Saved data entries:

= Beginning of Section =

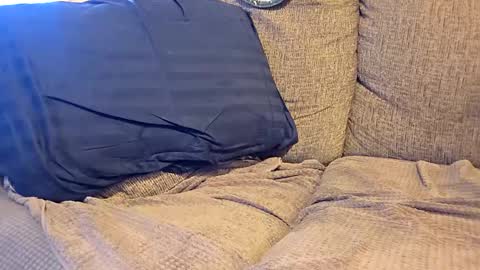 whorekneeweeny online show from 30, 3, 2026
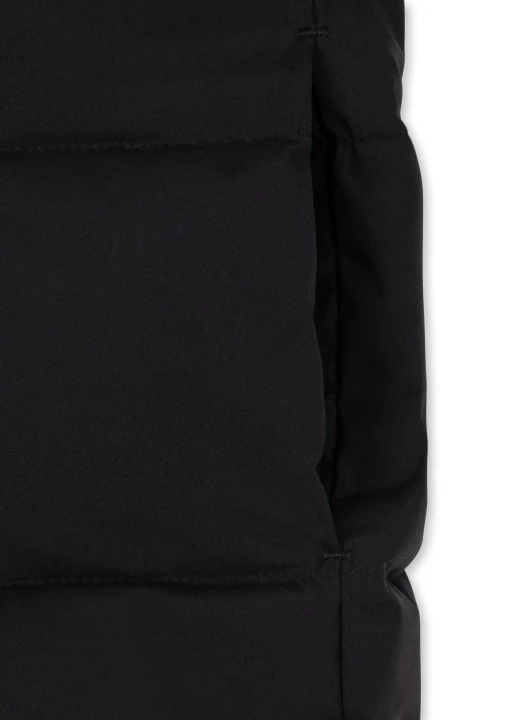 Konges Sløjd Alpi Long Black – detal bocznej kieszeni i pikowanego materiału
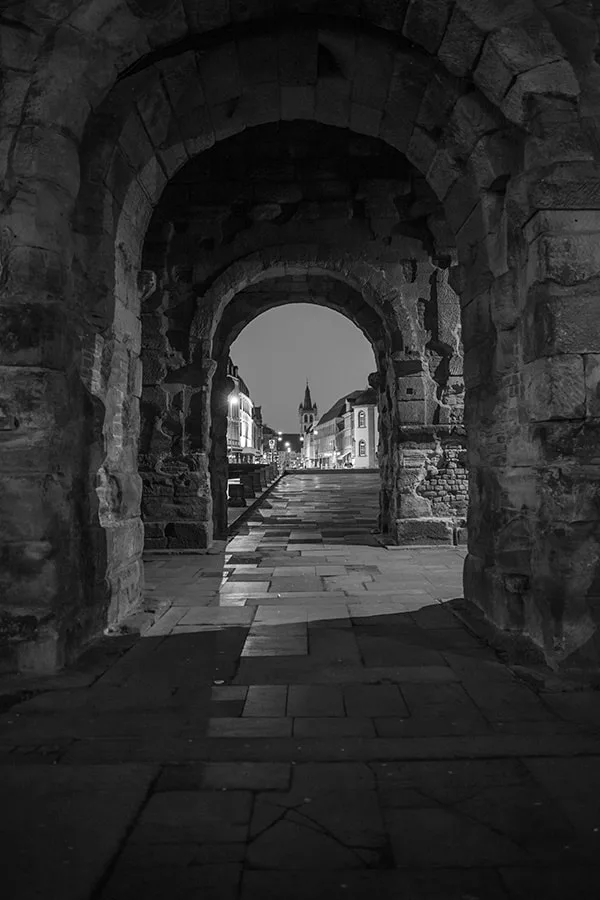 Prise de vue nocturne de l'arche historique de la Porta Nigra à Trèves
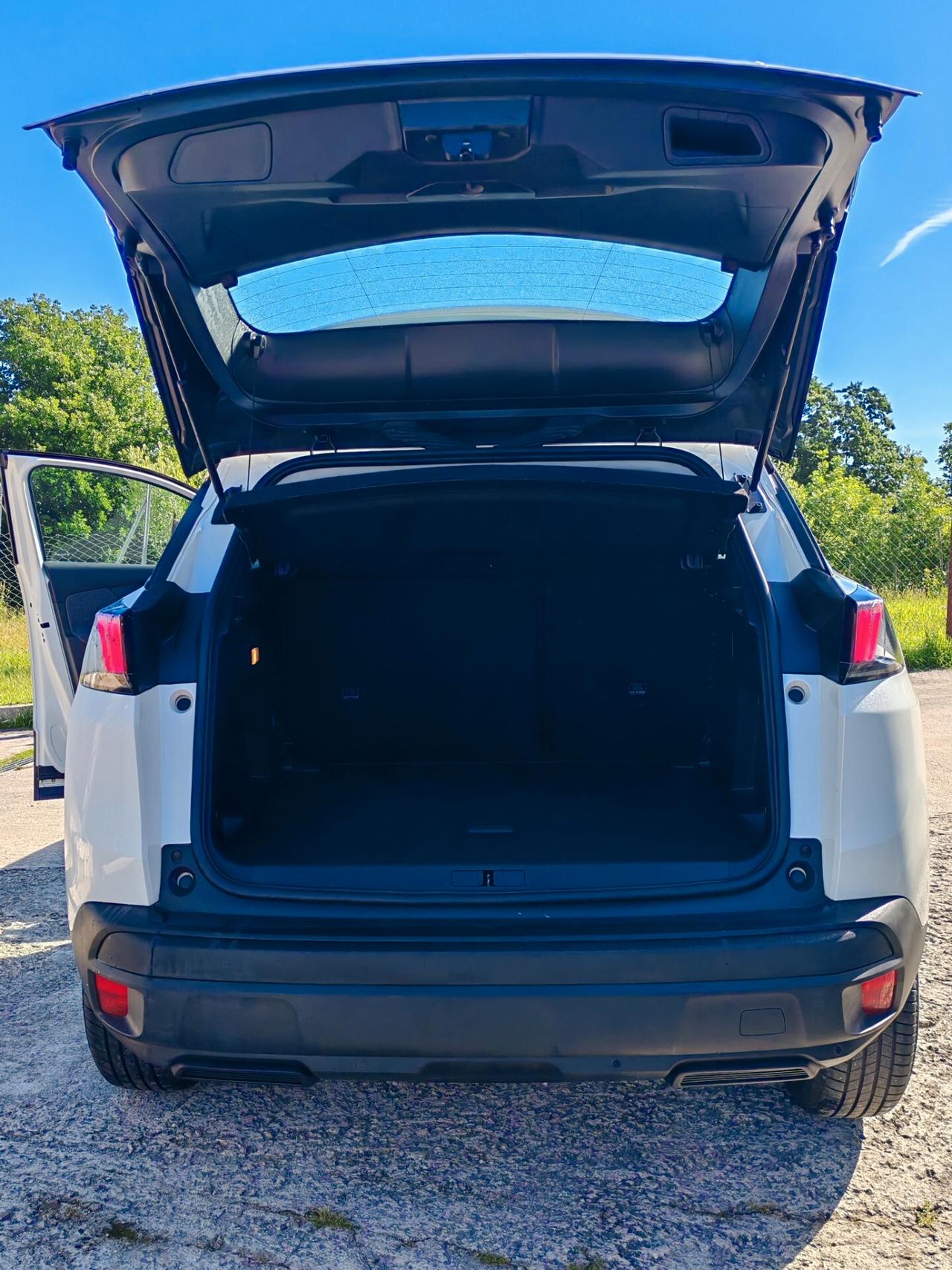 Scopri la PEUGEOT 3008 diesel automatica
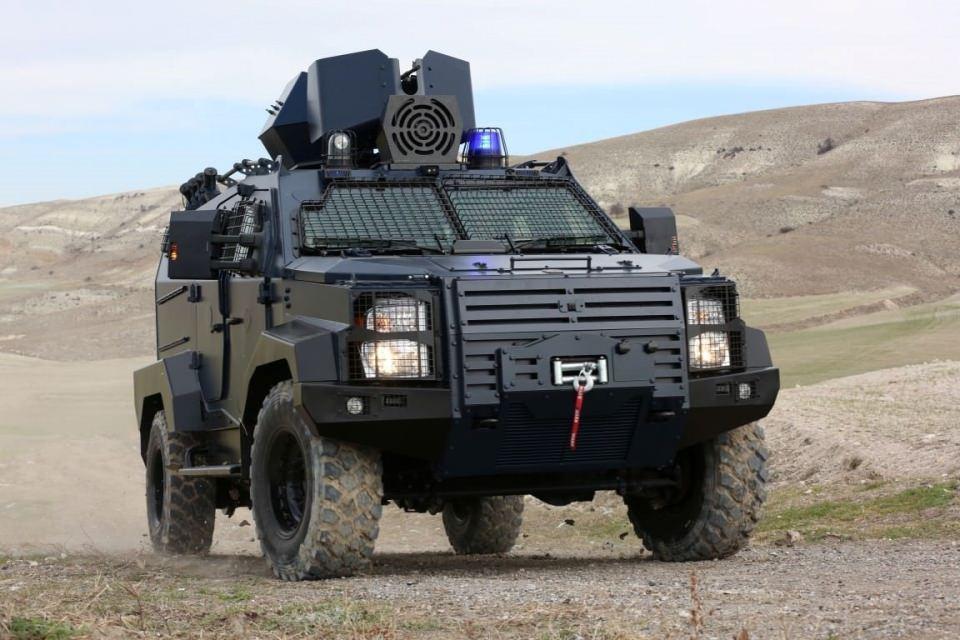 <p>Nurol Makina ise başta İngiltere gibi dünyanın ve Avrupa'nın önde gelen, sınıfının en gelişmiş ürünlerinin tercih edildiği pazarda yer almayı, Avrupa'da araç teslimatlarına başladığı Macaristan'a yeni ülkeleri eklemeyi hedefliyor. </p>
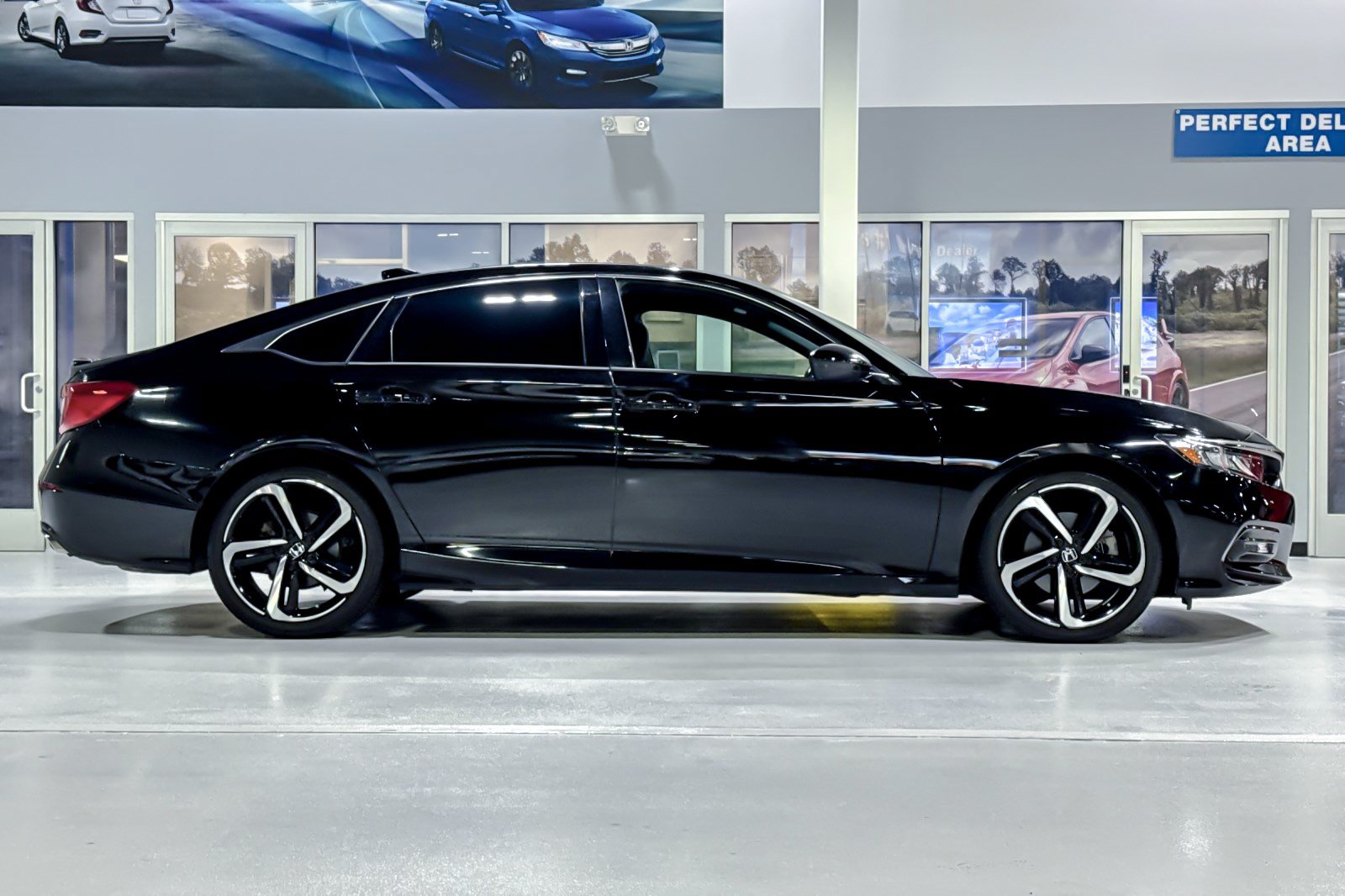 Used 2019 Honda Accord Sport image 8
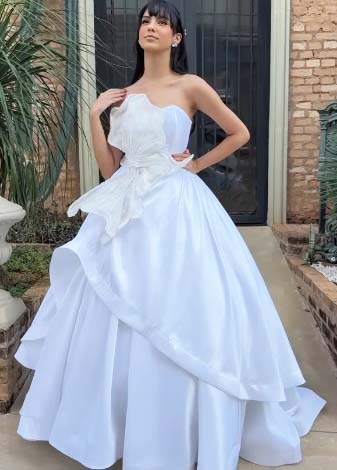 Vestido branco com saia ampla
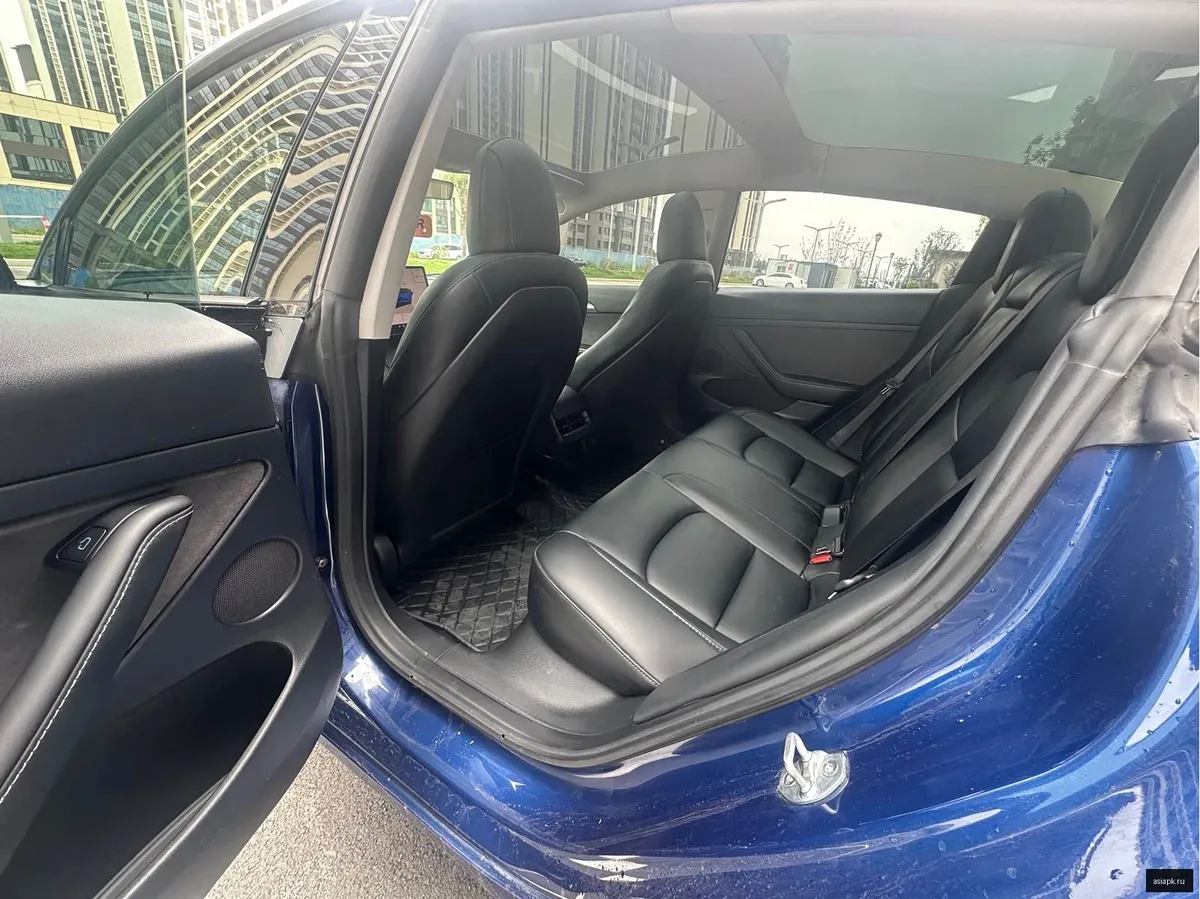 tesla Model Y 6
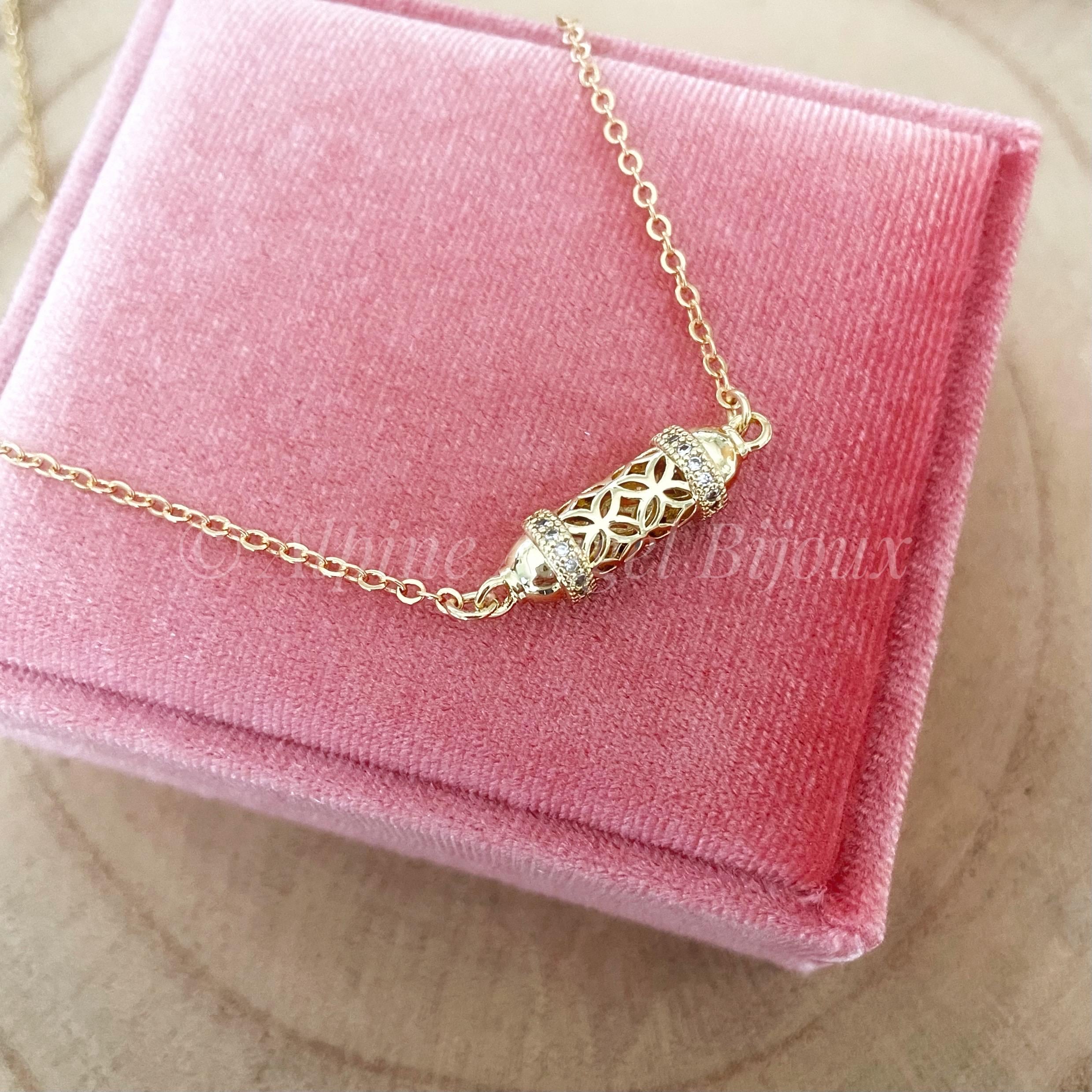 Collana talismano placcata oro 18k con intricato amuleto a barile dettagliato placcato oro e catena a maglie in acciaio inossidabile placcato oro 18k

= End of Section =

About this task:
Your response must restate every record above exactly, with each picture omitted.

Task output:
 whorekneeweeny online show from 30, 3, 2026
 Konges Sløjd Alpi Long Black – detal bocznej kieszeni i pikowanego materiału
 Prise de vue nocturne de l'arche historique de la Porta Nigra à Trèves
 Scopri la PEUGEOT 3008 diesel automatica
 <p>Nurol Makina ise başta İngiltere gibi dünyanın ve Avrupa'nın önde gelen, sınıfının en gelişmiş ürünlerinin tercih edildiği pazarda yer almayı, Avrupa'da araç teslimatlarına başladığı Macaristan'a yeni ülkeleri eklemeyi hedefliyor. </p>
 Used 2019 Honda Accord Sport image 8
 Vestido branco com saia ampla
 tesla Model Y 6
 Collana talismano placcata oro 18k con intricato amuleto a barile dettagliato placcato oro e catena a maglie in acciaio inossidabile placcato oro 18k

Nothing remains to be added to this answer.